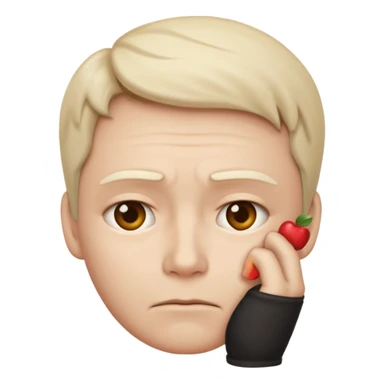Apple-style emoji of a face with a hand on chin, furrowed brows, and a thoughtful or troubled expression representing 고민 (worry, thinking hard) sticker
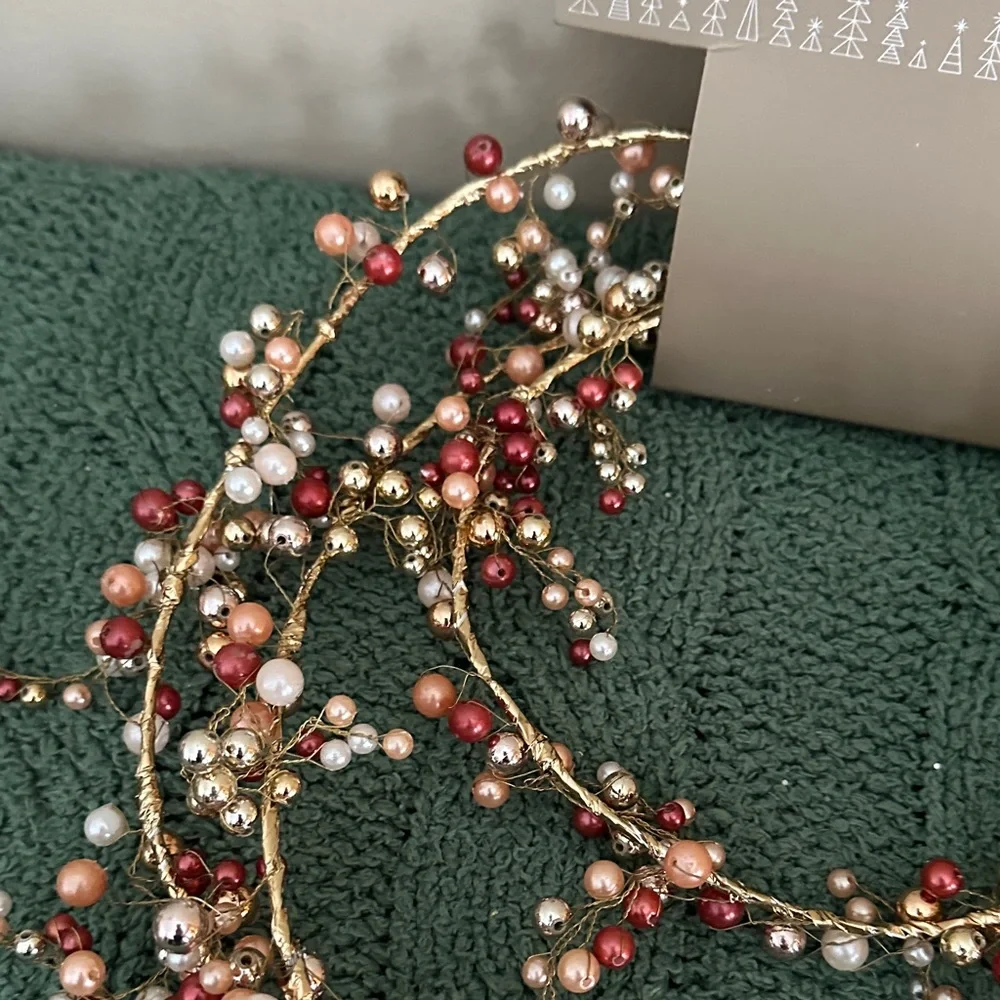 34th & Pine Holiday Christmas Tree Garland Gold Peach Berry NEW!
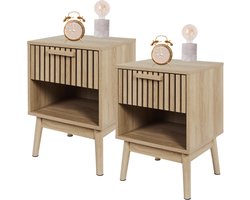 MISOU Klaus Nachtkastjes - set van 2 - met Lade - Wandkast - Hout - Bruin - Ladekastje - Slaapkamer - Dressoir - Hal - 40x35x55cm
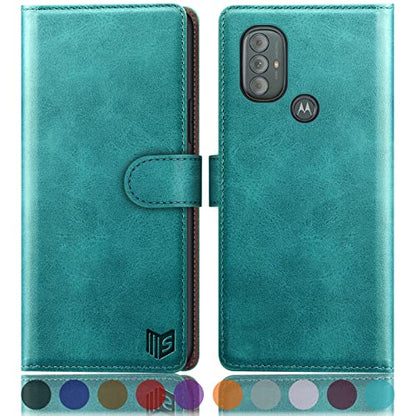 SUANPOT for Motorola（Moto G Power 2022） Wallet case 【RFID Blocking】 Credit Card Holder, Flip Folio Book PU Leather Phone case Shockproof Cover for Women Men Power2022 Blue Green - color: Blue Green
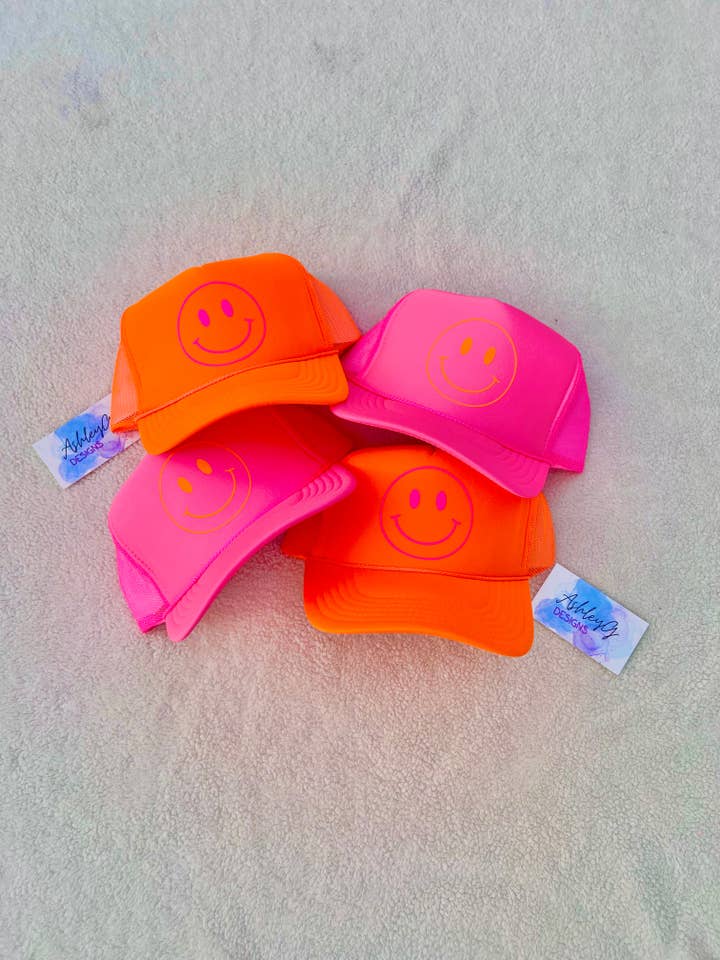 Neon Smiley Truckers for wholesale by AshleyGDesigns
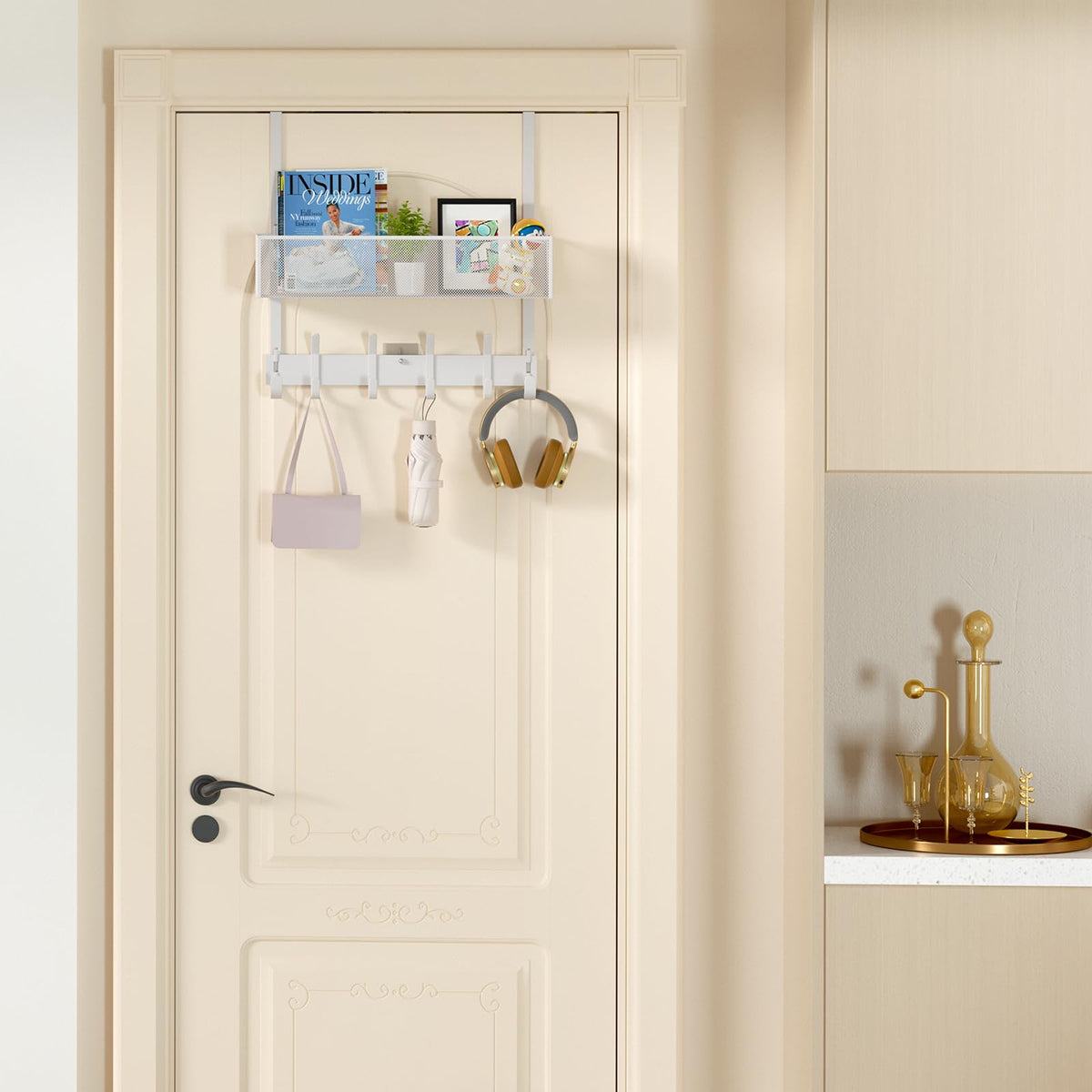 White Over the Door Hook Rack with Mesh Basket and Wreath Hangers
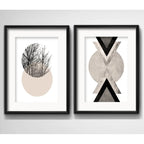 Set 2 Cuadro Geometrico Arbol Abstracto Escandinavo Paspartu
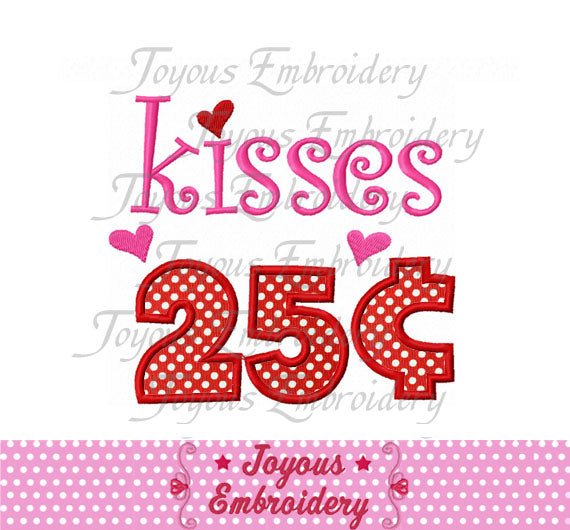 Valentines Day Kisses Applique Machine Embroidery Design NO:1451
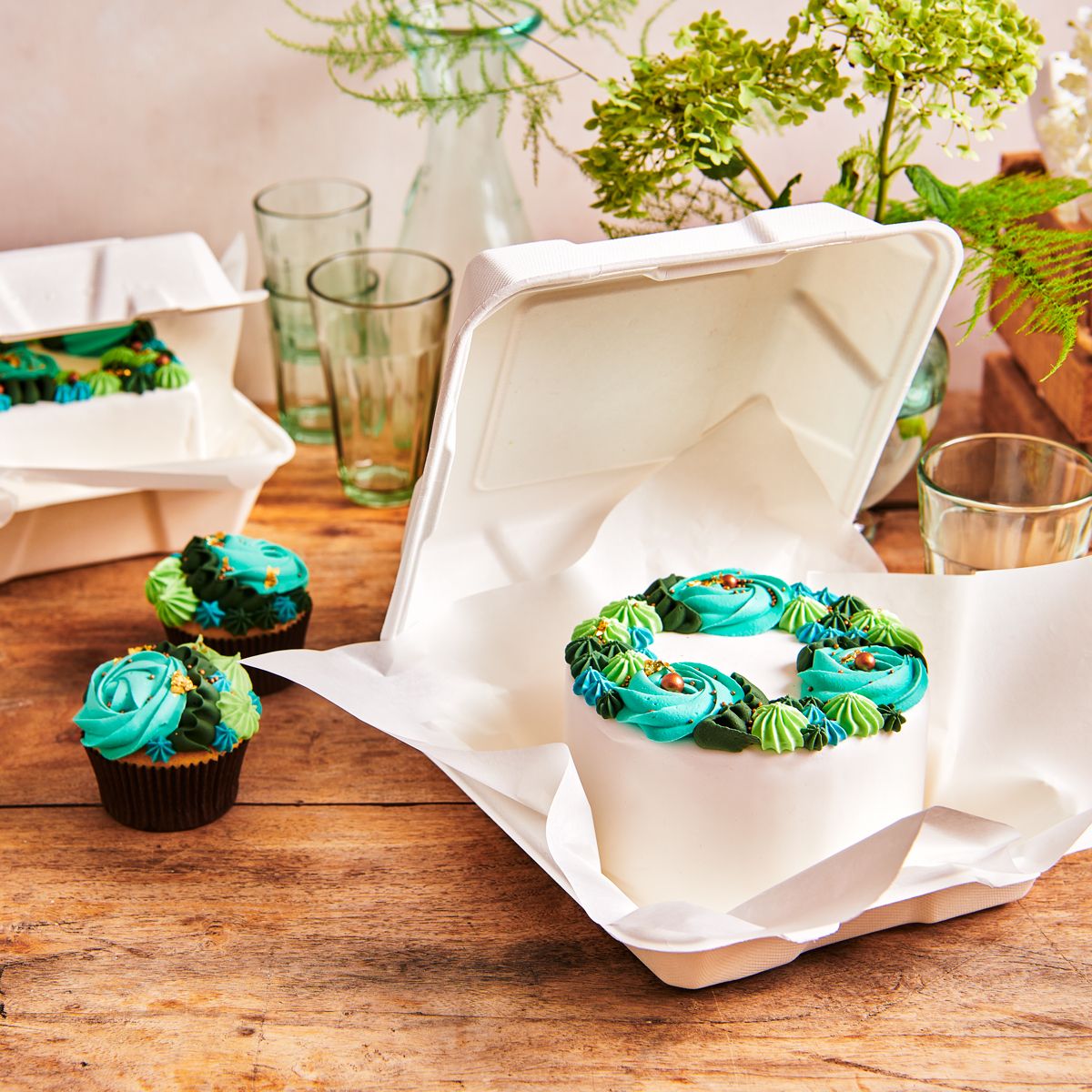 Caissettes à muffins 3,8cm Bleu x20 - Perle Dorée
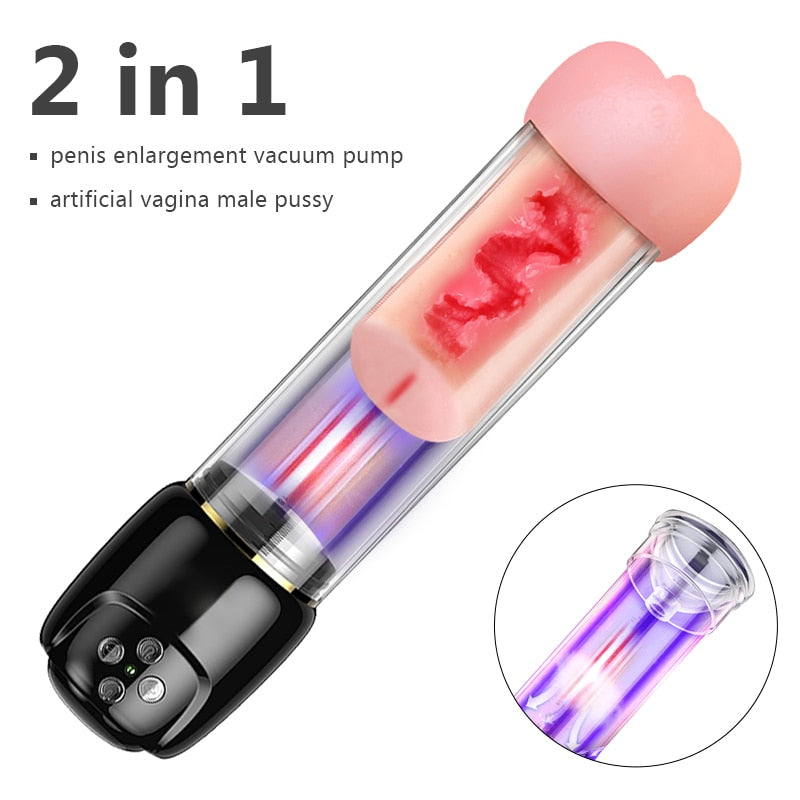 Penis Enlargement Vacuum Pump Vibrator Sex Toys for Men Artificial Vagina Sexy Masturbation Cool Adult Toys Pussy Pump Sex Shop - sextoysok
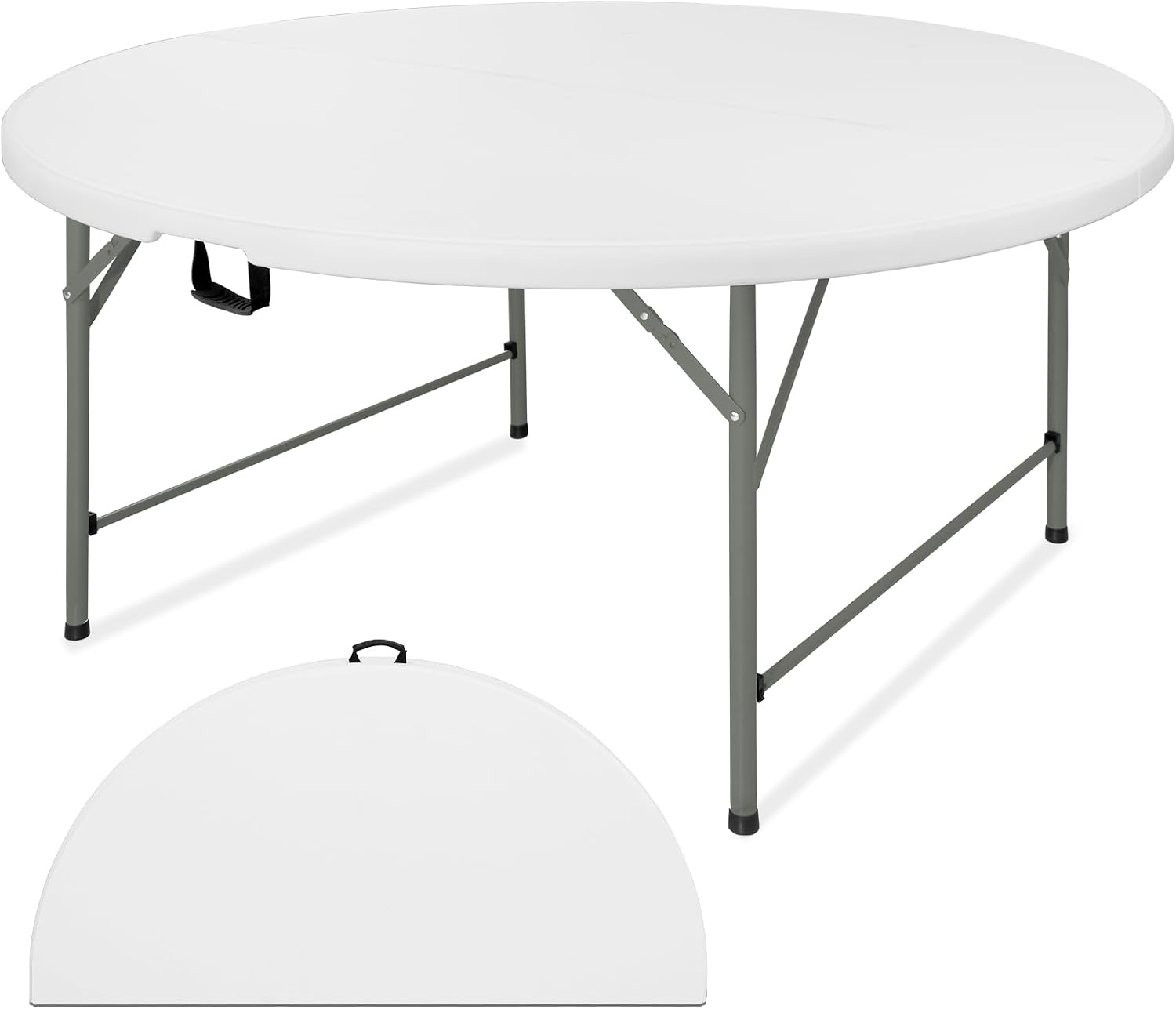 4 FT Round Folding Tables with Carrying Handle Lightweight Portable Plastic Commercial Table Steel Legs for Party, Dining, Wedding, Events, Picnic Indoor, Outdoor (White,1 Pack)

» Problem description
Output every entry verbatim but skip the pictures.

» Task output
Apple-style emoji of a face with a hand on chin, furrowed brows, and a thoughtful or troubled expression representing 고민 (worry, thinking hard) sticker
 34th & Pine Holiday Christmas Tree Garland Gold Peach Berry NEW!
 MISOU Klaus Nachtkastjes - set van 2 - met Lade - Wandkast - Hout - Bruin - Ladekastje - Slaapkamer - Dressoir - Hal - 40x35x55cm
 SUANPOT for Motorola（Moto G Power 2022） Wallet case 【RFID Blocking】 Credit Card Holder, Flip Folio Book PU Leather Phone case Shockproof Cover for Women Men Power2022 Blue Green - color: Blue Green
 Neon Smiley Truckers for wholesale by AshleyGDesigns
 White Over the Door Hook Rack with Mesh Basket and Wreath Hangers
 Set 2 Cuadro Geometrico Arbol Abstracto Escandinavo Paspartu
 Valentines Day Kisses Applique Machine Embroidery Design NO:1451
 Caissettes à muffins 3,8cm Bleu x20 - Perle Dorée
 Penis Enlargement Vacuum Pump Vibrator Sex Toys for Men Artificial Vagina Sexy Masturbation Cool Adult Toys Pussy Pump Sex Shop - sextoysok
 4 FT Round Folding Tables with Carrying Handle Lightweight Portable Plastic Commercial Table Steel Legs for Party, Dining, Wedding, Events, Picnic Indoor, Outdoor (White,1 Pack)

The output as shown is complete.